Each line below from the line with "Sandvik Coromant - 16mm" to the line with "Ovale eetkamerbank stof beige" must be copied exactly, including those two, and no picture may appear in the copy.
Records supplied section start
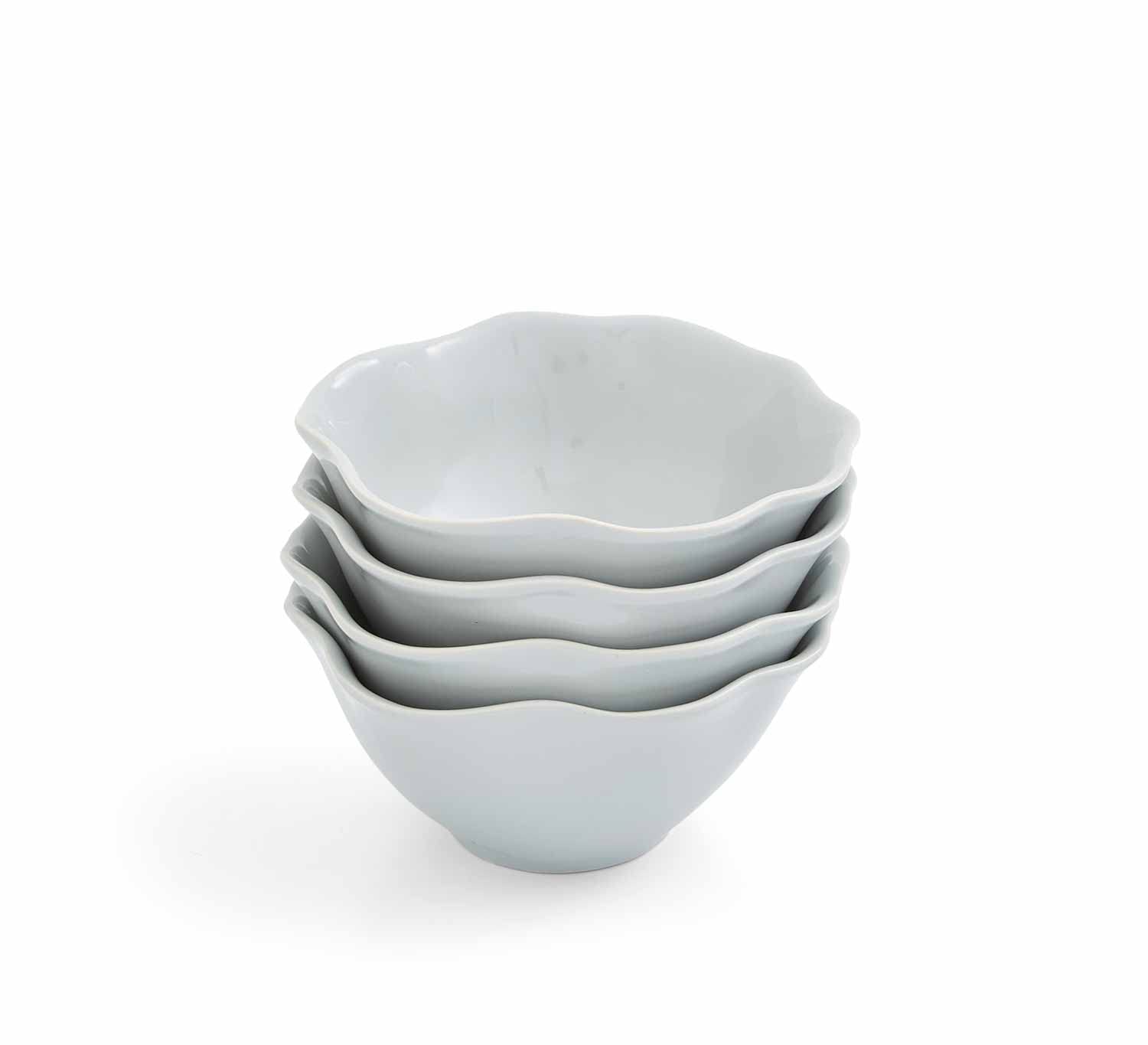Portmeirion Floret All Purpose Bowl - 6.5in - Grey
Records supplied section end
Records supplied section start
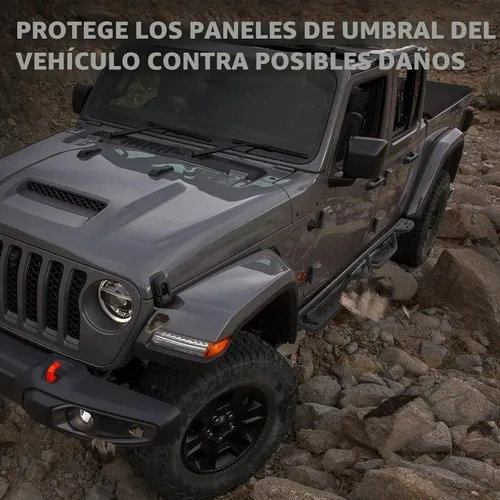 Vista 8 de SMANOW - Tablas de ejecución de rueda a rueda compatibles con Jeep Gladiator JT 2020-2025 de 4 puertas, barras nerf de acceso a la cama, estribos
Records supplied section end
Records supplied section start
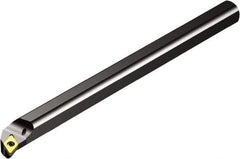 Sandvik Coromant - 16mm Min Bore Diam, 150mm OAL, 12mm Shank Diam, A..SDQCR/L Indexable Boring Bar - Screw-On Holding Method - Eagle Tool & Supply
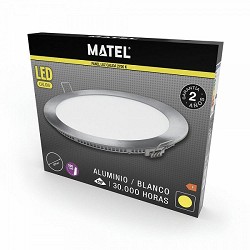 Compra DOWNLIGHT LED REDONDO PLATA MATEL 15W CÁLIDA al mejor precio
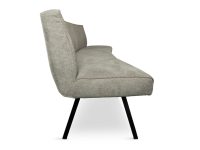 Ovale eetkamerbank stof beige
Records supplied section end
* _Output below_
 Sandvik Coromant - 16mm Min Bore Diam, 150mm OAL, 12mm Shank Diam, A..SDQCR/L Indexable Boring Bar - Screw-On Holding Method - Eagle Tool & Supply
 Compra DOWNLIGHT LED REDONDO PLATA MATEL 15W CÁLIDA al mejor precio
 Ovale eetkamerbank stof beige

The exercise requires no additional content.